Re: Postgres memoizing inner loop of join when outer loop join key is guaranteed unique? - Mailing list pgsql-general

From Jacob Jackson
Subject Re: Postgres memoizing inner loop of join when outer loop join key is guaranteed unique?
Date
Msg-id CAAiQw3w-uEZkz13Y2iU76CucRXBoR=kw6wOfq6gocT63dZLfYg@mail.gmail.com
Whole thread Raw
In response to Re: Postgres memoizing inner loop of join when outer loop join key is guaranteed unique?  (David Rowley <dgrowleyml@gmail.com>)
List pgsql-general
Thanks!
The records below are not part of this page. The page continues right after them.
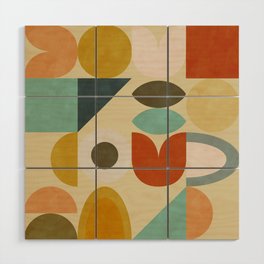 mid century modern spring abstract collection 4 Wood Wall Art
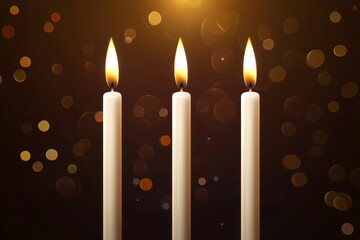 Three Lit Candles Glowing Against Dark Background with Bokeh Lights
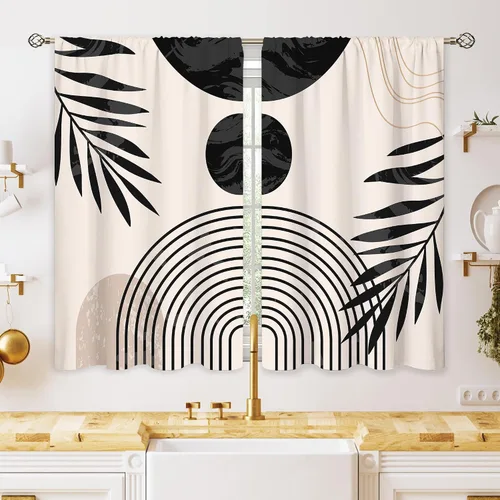 Vista 12 de Cortinas bohemias de cocina pequeñas de mediados de siglo, tratamiento abstracto moderno para ventana, bolsillo para cortinero, cortinas cortas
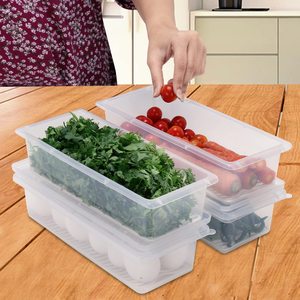 Transparent <b>Plastic</b> <b>Food</b> Storage Containers Rectangular Refrigerator Organizer Bins with Drain <b>Tray</b> kitchen storage containers - Product Image 4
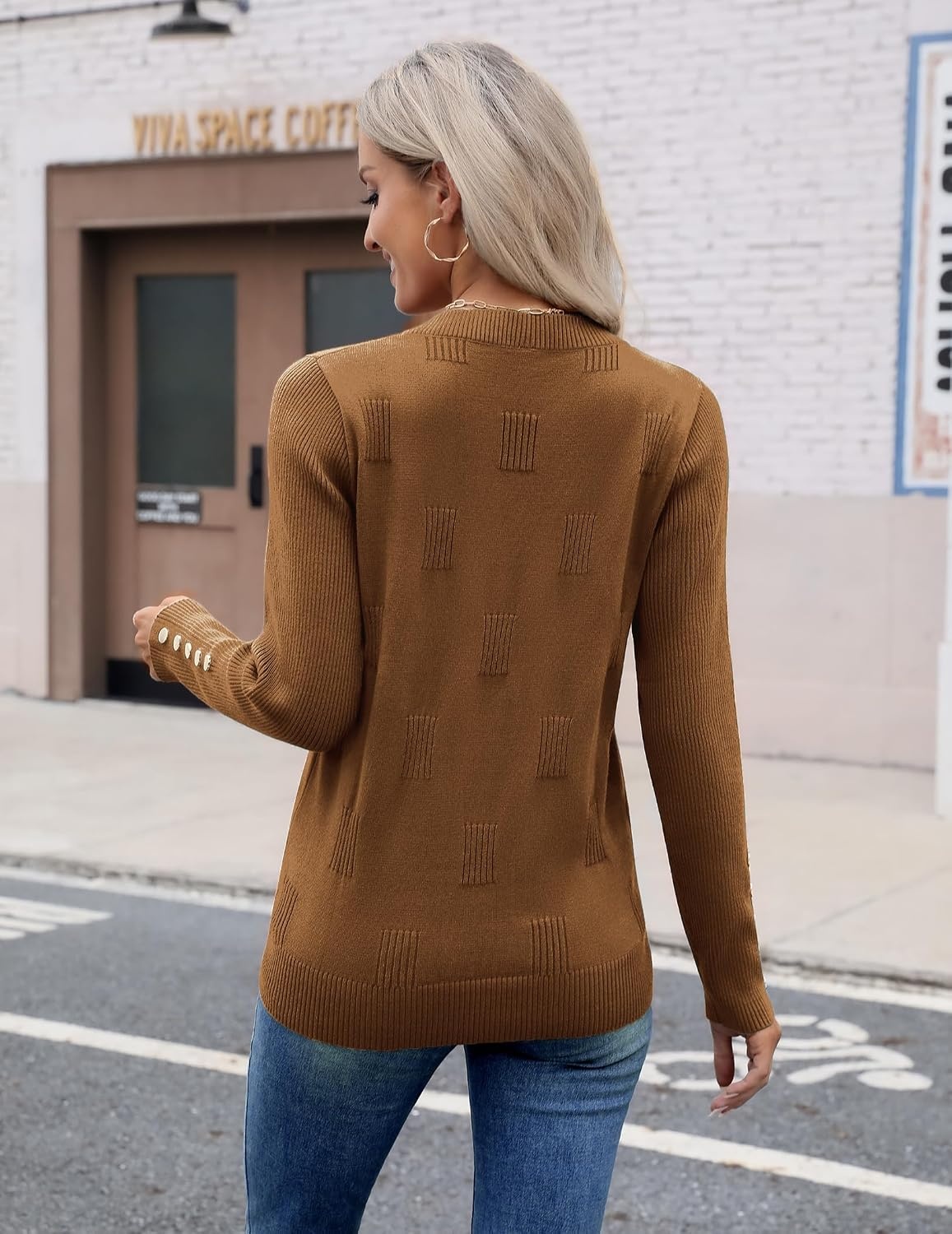 image:imageZeagoo Womens V Neck Sweaters Long Sleeve Lightweight with Buttons OufitsBrownie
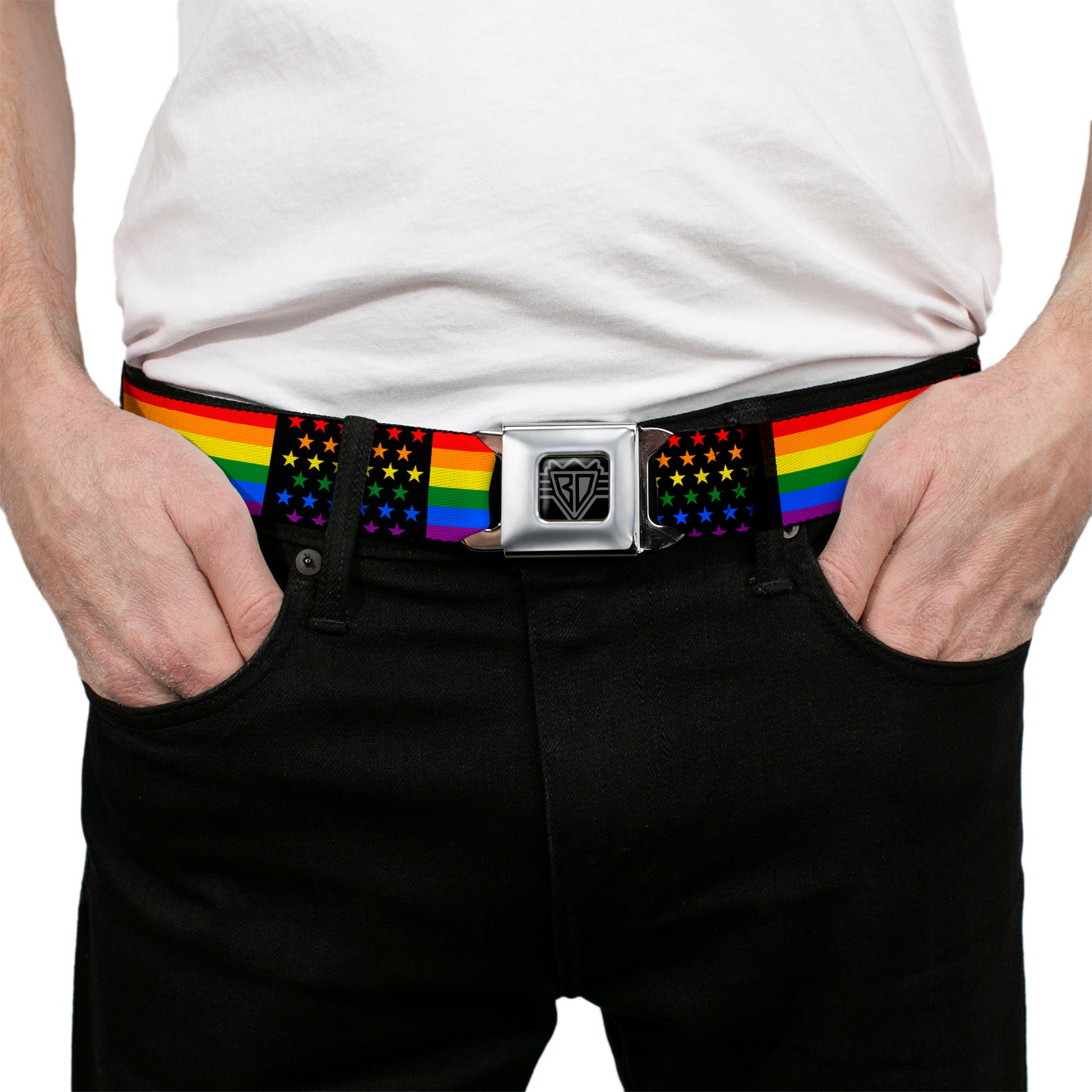 BD Wings Logo CLOSE-UP Full Color Black Silver Seatbelt Belt - Flag American Pride Rainbow/Black Webbing Seatbelt Belts Buckle-Down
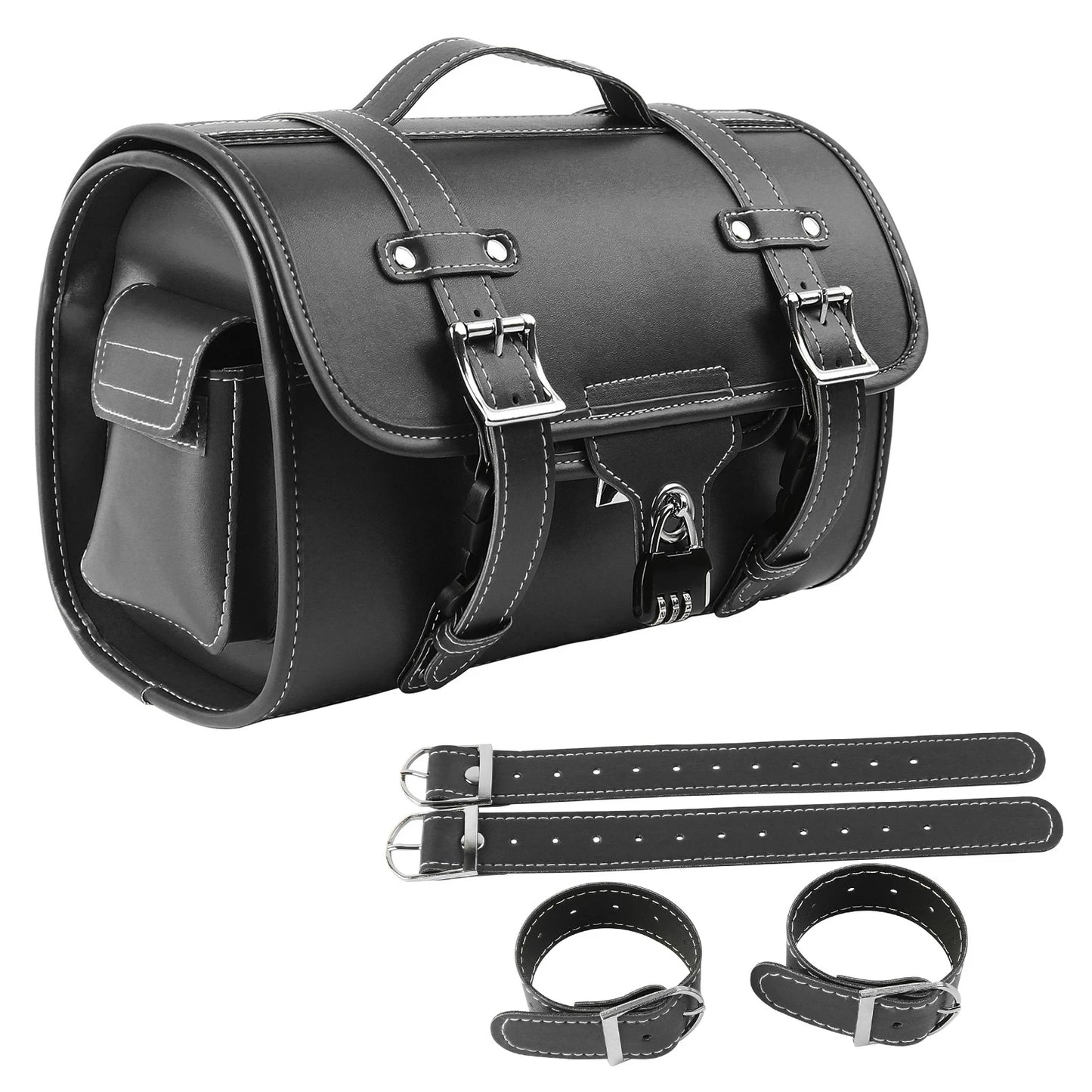 Motorcycle Universal Brown Large Capacity Waterproof Bags Side Tool Bag Rear Travel Luggage Seat Bag For Harley Honda Yamaha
This is very helpful.

On Wed, Oct 29, 2025 at 8:01 PM David Rowley <dgrowleyml@gmail.com> wrote:
On Thu, 30 Oct 2025 at 07:29, Jacob Jackson <jej.jackson.08@gmail.com> wrote:
> Hello. I was looking at some query plans recently and noticed something that didn't make sense. I have a query that joins a table of questions with results for each question (using a table with a composite primary key of question id and a user id), filtered by user id. The question IDs and the combined question-userIds are guaranteed unique due to being primary keys, and yet Postgres still memoizes the inner loop results. Any ideas why?

I agree that when the outer side of the join has unique values that
Memoize does not make any sense. The planner currenrly puts quite a
bit of faith in the row estimates for this and if you're getting this
plan, then the estimates came back indicating there'd be fewer unique
values of "QuestionUserStatus".question in the input than there are
input rows to the Memoize node. If you delve into
cost_memoize_rescan(), you'll see the code for this (look for where
"hit_ratio" is calculated).

There are also a few prechecks in get_memoize_path() to try to avoid
this sort of thing, but unfortunately, the information to avoid
Memoize when the outer side of the join is unique isn't available.  We
do have an "inner_unique" in JoinPathExtraData, but what we'd need for
this and don't have is "outer_unique". If we had that, we could just
exit early in get_memoize_path() if that's set to true. Whether or not
going to the trouble of calculating "outer_unique" is worth the
trouble, I'm not sure. There was some work on UniqueKeys a few years
ago, which could have helped in this scenario as we could have more
easily identified uniqueness at different join levels. That's no
longer being worked on, as I understand it.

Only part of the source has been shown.